Prompt:
Return the data below exactly as given, except for the images.

Image-caption web data
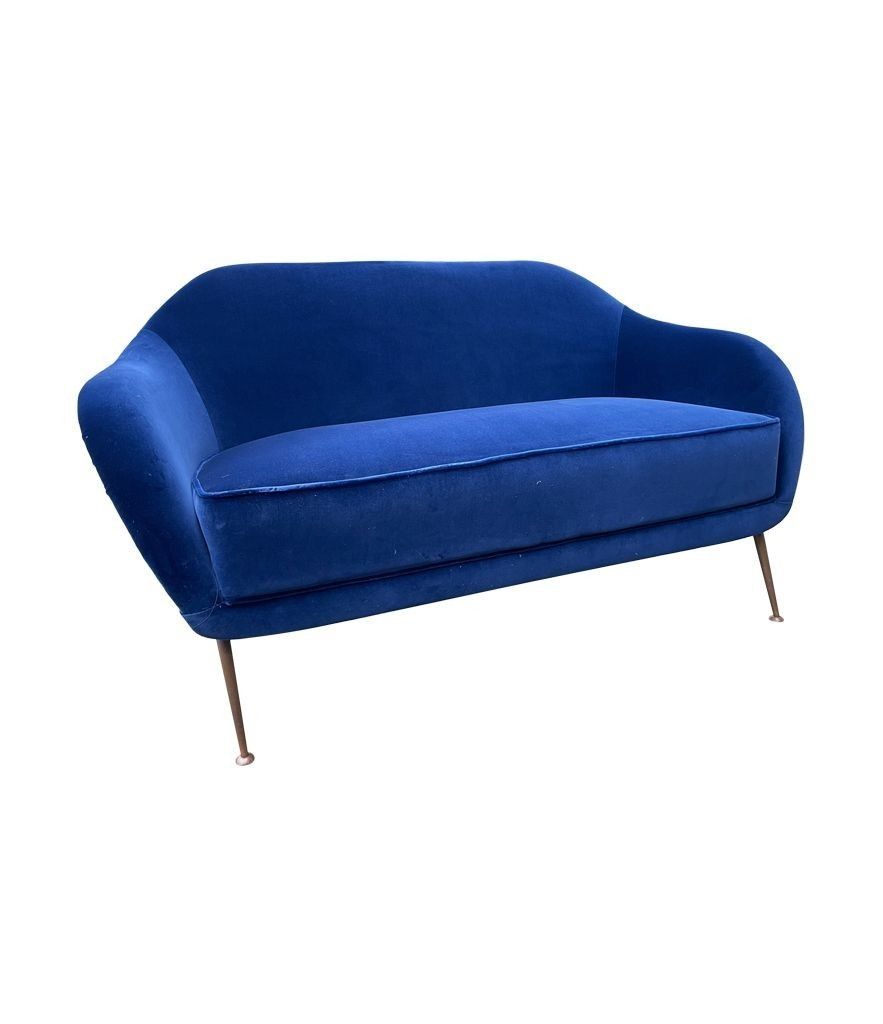 A1950s Italian Two Seater Sofa With Brass Legs Newly Upholstered In Blue Velvet photo Furniture
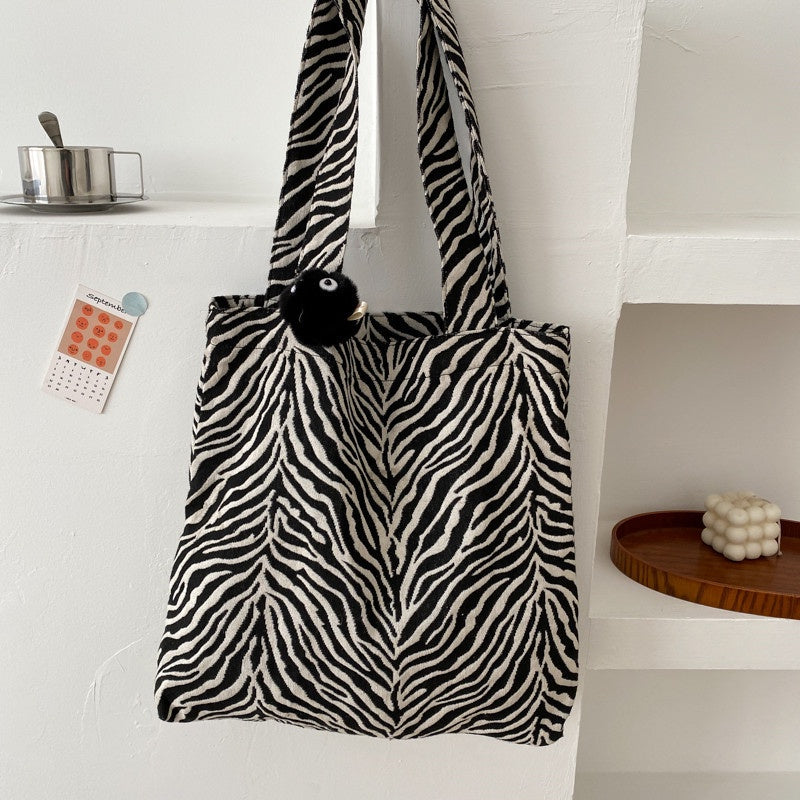Canvas Bag Women's Trendy Net Red Korean Version Tote Bag Fashion Large-Capacity Portable Shoulder Bag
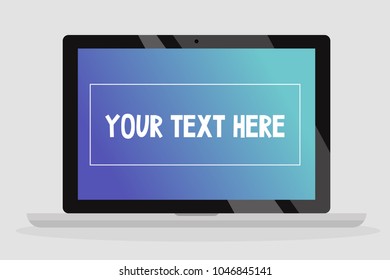 Your text here. Copy space. Laptop screen. Desktop. Flat editable vector illustration, clip art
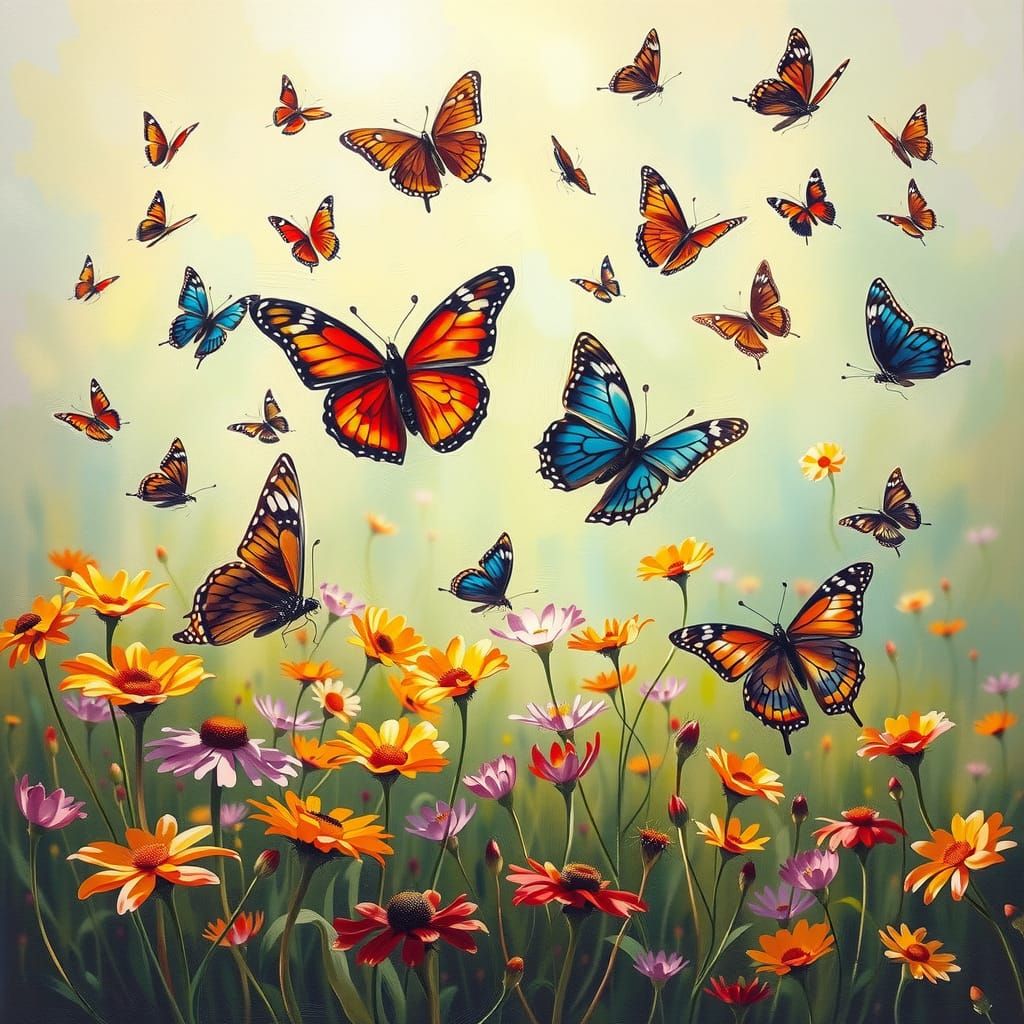 Vibrant Butterflies in Impressionistic Oil Painting Style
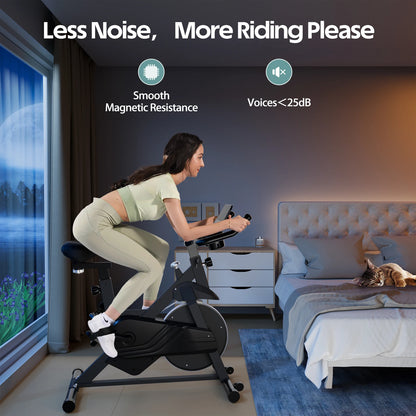 Magnetic Exercise Bike – Adjustable Resistance Ergometer with LCD Display, Quiet Belt Drive, and 100kg Capacity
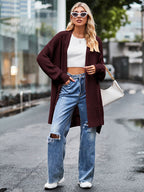 Long Sleeve Waffle-knit Cardigan (20)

Answer:
 A1950s Italian Two Seater Sofa With Brass Legs Newly Upholstered In Blue Velvet photo Furniture
Canvas Bag Women's Trendy Net Red Korean Version Tote Bag Fashion Large-Capacity Portable Shoulder Bag
 Your text here. Copy space. Laptop screen. Desktop. Flat editable vector illustration, clip art
 Vibrant Butterflies in Impressionistic Oil Painting Style
 Magnetic Exercise Bike – Adjustable Resistance Ergometer with LCD Display, Quiet Belt Drive, and 100kg Capacity
 Long Sleeve Waffle-knit Cardigan (20)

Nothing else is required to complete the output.